Who will win the 2019 Cup Series championship?
After a long 40-week season, it all has come down to this.
Martin Truex Jr. was able to win at the Martinsville Speedway a few weeks ago to clinch a spot in the championship four. After a bit of a rough start to his tenure with Joe Gibbs Racing, after the majority of the No. 19 team came over from the dying Furniture Row Racing team, Truex was able to adjust accordingly, getting the first short track win of his career at Richmond Raceway in April to virtually guarantee himself a spot in the playoffs.

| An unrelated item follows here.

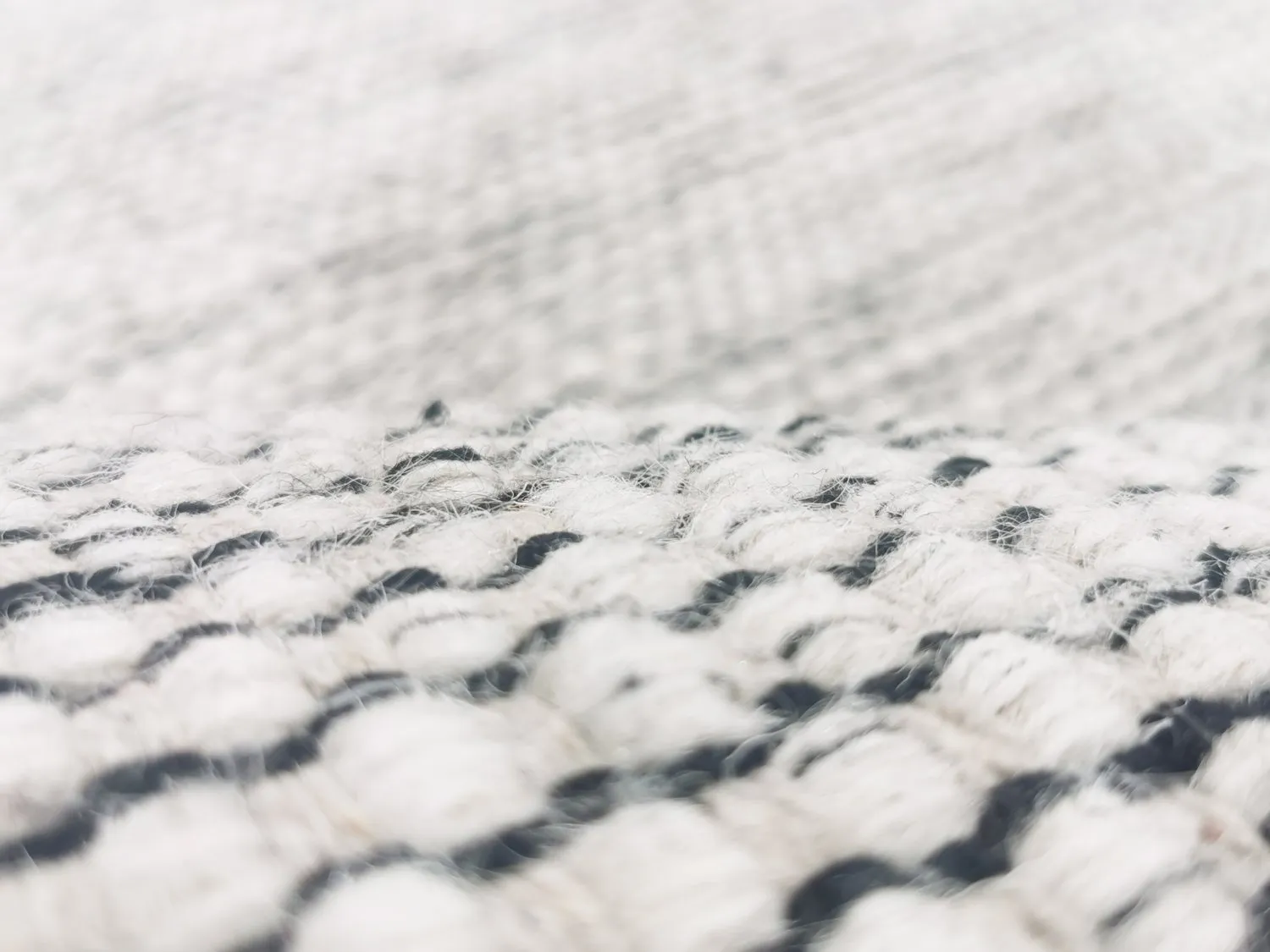 Runde tæpper - Otago (sort/hvid)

This year, the move to JGR has turned Truex from the master of the mile-and-a-half racetrack to more of a jack of all trades. After that first short track win in April, Truex would follow up with wins in that discipline at Richmond again and Martinsville. Truex balanced it out with wins at Sonoma Raceway and the Coca-Cola 600 at Charlotte Motor Speedway.
Kevin Harvick was the next to clinch a spot in the final round. It has been a relatively down year for Stewart-Haas Racing, with just one driver winning and said driver was the only one to make it to the Round of 8. Harvick had a down year, but that’s only because he had 29 top-10 finishes in 2018; a four-win season with an average finish of 10th is still pretty darn good.

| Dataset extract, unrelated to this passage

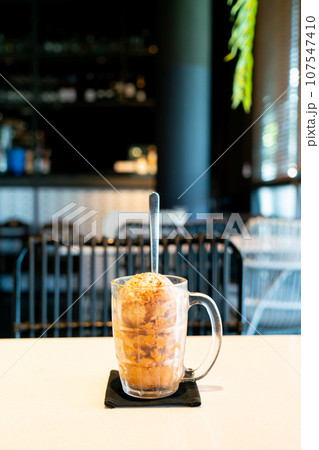 Thai tea ice scoop in glass 107547410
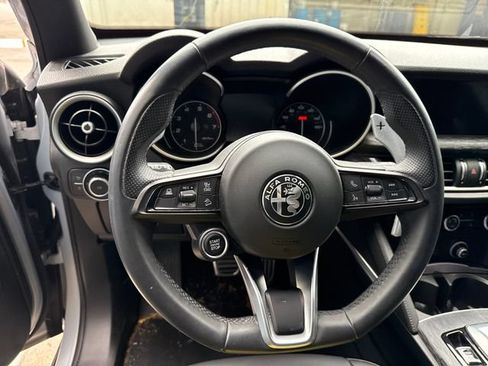 Used 2023 Alfa Romeo Stelvio Sprint AWD/4WD image 18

The lone non-champion to make it to Homestead was Denny Hamlin. Hamlin has had his best season on record in Cup, with six wins and an average finish of 9.5. Hamlin, however, has never seemed to get over losing the championship in 2010 to Jimmie Johnson, and his emotions could very well remove him from the equation early on Sunday. Regardless of whether he falls to his memories or triumphs over them, it will be fascinating to watch Hamlin this weekend.
Finally, there’s Kyle Busch. It’s only appropriate that Busch is racing for a championship in the final race of the 2010s, a decade where he has more race victories in each individual national touring series than any other driver. Busch had a fantastic, record-setting year go to waste with a merely average playoff run, and the fact that he made it this far really speaks to how dominant he was in the regular season.

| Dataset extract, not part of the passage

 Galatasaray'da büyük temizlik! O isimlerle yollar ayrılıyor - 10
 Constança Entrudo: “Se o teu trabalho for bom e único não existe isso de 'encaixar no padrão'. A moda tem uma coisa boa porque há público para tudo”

As hard as this is to figure out, my choice for the championship is Harvick. It’s for a very simple reason: I don’t like that there are three JGR drivers in the final four this season. All of SHR’s resources will be with the No. 4 team, while JGR’s best resources will be split between three teams. It would be a nice bow on a great decade for Harvick; although Busch has won more races, Harvick and crew chief Rodney Childers have been incredibly consistent for six years now. The story of the decade, regardless of what goes down on Sunday, will be a Happy one.